Exactly the lines from the top of the records below through the one containing "409 ketchupdetom.t€" must be set down, with no line added or dropped.
══ Source material
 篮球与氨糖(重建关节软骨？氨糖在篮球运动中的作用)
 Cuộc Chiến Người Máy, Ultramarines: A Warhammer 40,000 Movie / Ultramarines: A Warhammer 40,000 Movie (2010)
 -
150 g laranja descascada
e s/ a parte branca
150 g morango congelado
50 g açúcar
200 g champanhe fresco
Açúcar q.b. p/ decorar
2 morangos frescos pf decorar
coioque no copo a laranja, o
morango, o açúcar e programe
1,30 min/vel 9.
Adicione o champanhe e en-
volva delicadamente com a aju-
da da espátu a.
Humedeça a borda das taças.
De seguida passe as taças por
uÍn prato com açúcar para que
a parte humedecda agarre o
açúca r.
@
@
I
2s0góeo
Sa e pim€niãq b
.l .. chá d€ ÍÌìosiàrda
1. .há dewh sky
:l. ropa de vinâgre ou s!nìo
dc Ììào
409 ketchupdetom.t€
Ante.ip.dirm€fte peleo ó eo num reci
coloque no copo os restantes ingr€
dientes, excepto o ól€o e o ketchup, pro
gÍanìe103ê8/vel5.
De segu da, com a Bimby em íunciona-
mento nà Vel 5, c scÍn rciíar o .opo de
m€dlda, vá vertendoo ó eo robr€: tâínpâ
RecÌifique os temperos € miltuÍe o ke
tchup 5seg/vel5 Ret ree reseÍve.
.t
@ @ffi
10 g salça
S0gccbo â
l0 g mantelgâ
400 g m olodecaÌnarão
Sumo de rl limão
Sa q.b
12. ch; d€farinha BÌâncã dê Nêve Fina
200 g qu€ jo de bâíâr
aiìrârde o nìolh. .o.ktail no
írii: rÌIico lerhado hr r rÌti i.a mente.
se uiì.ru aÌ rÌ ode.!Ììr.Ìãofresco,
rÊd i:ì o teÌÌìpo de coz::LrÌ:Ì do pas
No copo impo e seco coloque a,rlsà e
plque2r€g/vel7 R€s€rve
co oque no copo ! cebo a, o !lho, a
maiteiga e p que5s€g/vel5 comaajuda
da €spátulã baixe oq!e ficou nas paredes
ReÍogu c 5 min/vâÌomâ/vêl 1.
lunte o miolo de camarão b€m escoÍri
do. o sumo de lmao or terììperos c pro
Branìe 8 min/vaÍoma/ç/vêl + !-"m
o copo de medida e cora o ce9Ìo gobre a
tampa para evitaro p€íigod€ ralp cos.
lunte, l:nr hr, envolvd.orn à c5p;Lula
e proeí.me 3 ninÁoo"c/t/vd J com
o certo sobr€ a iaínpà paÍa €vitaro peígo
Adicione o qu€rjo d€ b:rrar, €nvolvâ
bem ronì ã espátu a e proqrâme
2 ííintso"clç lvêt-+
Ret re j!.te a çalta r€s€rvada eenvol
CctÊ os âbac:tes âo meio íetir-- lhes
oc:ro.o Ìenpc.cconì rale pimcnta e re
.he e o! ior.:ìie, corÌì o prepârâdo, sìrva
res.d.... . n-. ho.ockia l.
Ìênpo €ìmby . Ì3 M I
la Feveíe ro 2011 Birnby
════
▸ **Answer box**
 篮球与氨糖(重建关节软骨？氨糖在篮球运动中的作用)
 Cuộc Chiến Người Máy, Ultramarines: A Warhammer 40,000 Movie / Ultramarines: A Warhammer 40,000 Movie (2010)
 -
150 g laranja descascada
e s/ a parte branca
150 g morango congelado
50 g açúcar
200 g champanhe fresco
Açúcar q.b. p/ decorar
2 morangos frescos pf decorar
coioque no copo a laranja, o
morango, o açúcar e programe
1,30 min/vel 9.
Adicione o champanhe e en-
volva delicadamente com a aju-
da da espátu a.
Humedeça a borda das taças.
De seguida passe as taças por
uÍn prato com açúcar para que
a parte humedecda agarre o
açúca r.
@
@
I
2s0góeo
Sa e pim€niãq b
.l .. chá d€ ÍÌìosiàrda
1. .há dewh sky
:l. ropa de vinâgre ou s!nìo
dc Ììào
409 ketchupdetom.t€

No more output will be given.